WHAT IS REQUIRED: Leaving out the pictures, return word for word the stretch of entries below from the line holding "2 Carat Oval" through the line holding "Couverture blanche ornée".

DATA EXTRACT:
============================================================

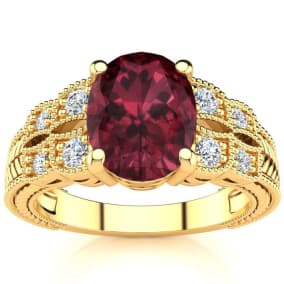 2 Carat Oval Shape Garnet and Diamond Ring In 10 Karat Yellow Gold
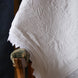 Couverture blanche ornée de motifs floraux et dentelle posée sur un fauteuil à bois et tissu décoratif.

============================================================

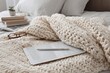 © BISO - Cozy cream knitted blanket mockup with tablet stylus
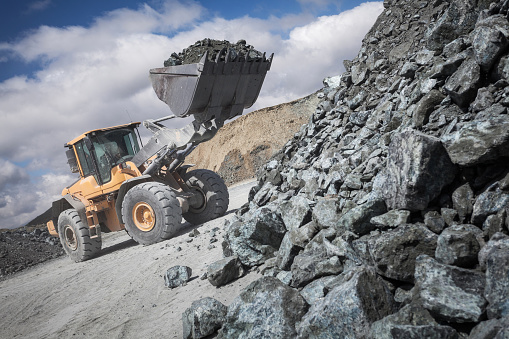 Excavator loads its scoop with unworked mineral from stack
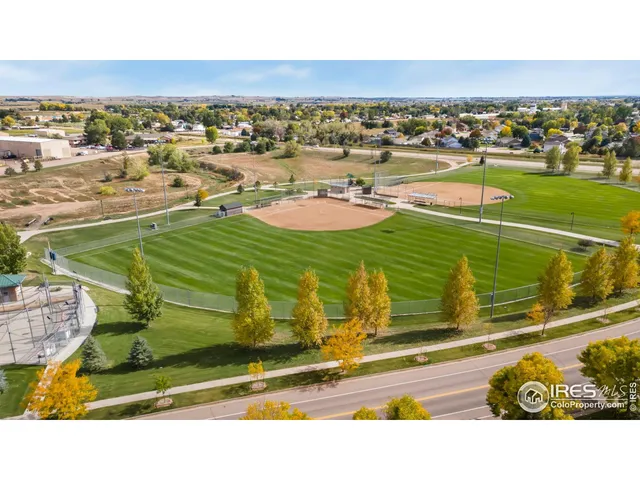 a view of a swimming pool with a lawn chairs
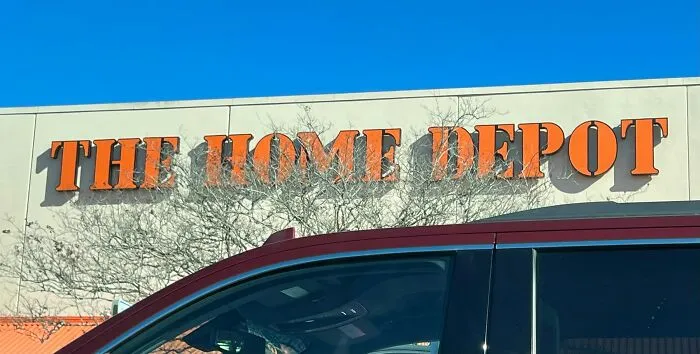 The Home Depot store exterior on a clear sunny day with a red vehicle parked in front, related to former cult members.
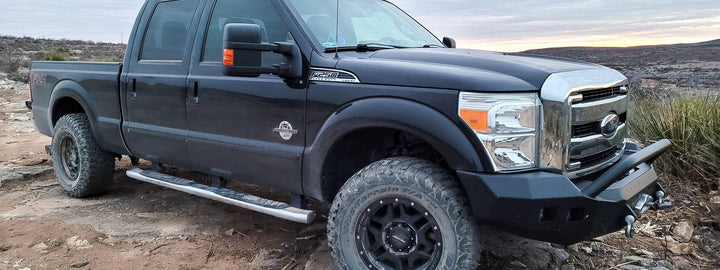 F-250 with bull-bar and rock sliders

============================================================

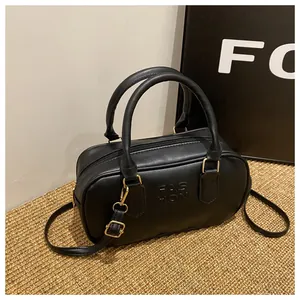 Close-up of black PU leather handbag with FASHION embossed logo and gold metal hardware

============================================================

SOLVED PROBLEM:
 2 Carat Oval Shape Garnet and Diamond Ring In 10 Karat Yellow Gold
 Couverture blanche ornée de motifs floraux et dentelle posée sur un fauteuil à bois et tissu décoratif.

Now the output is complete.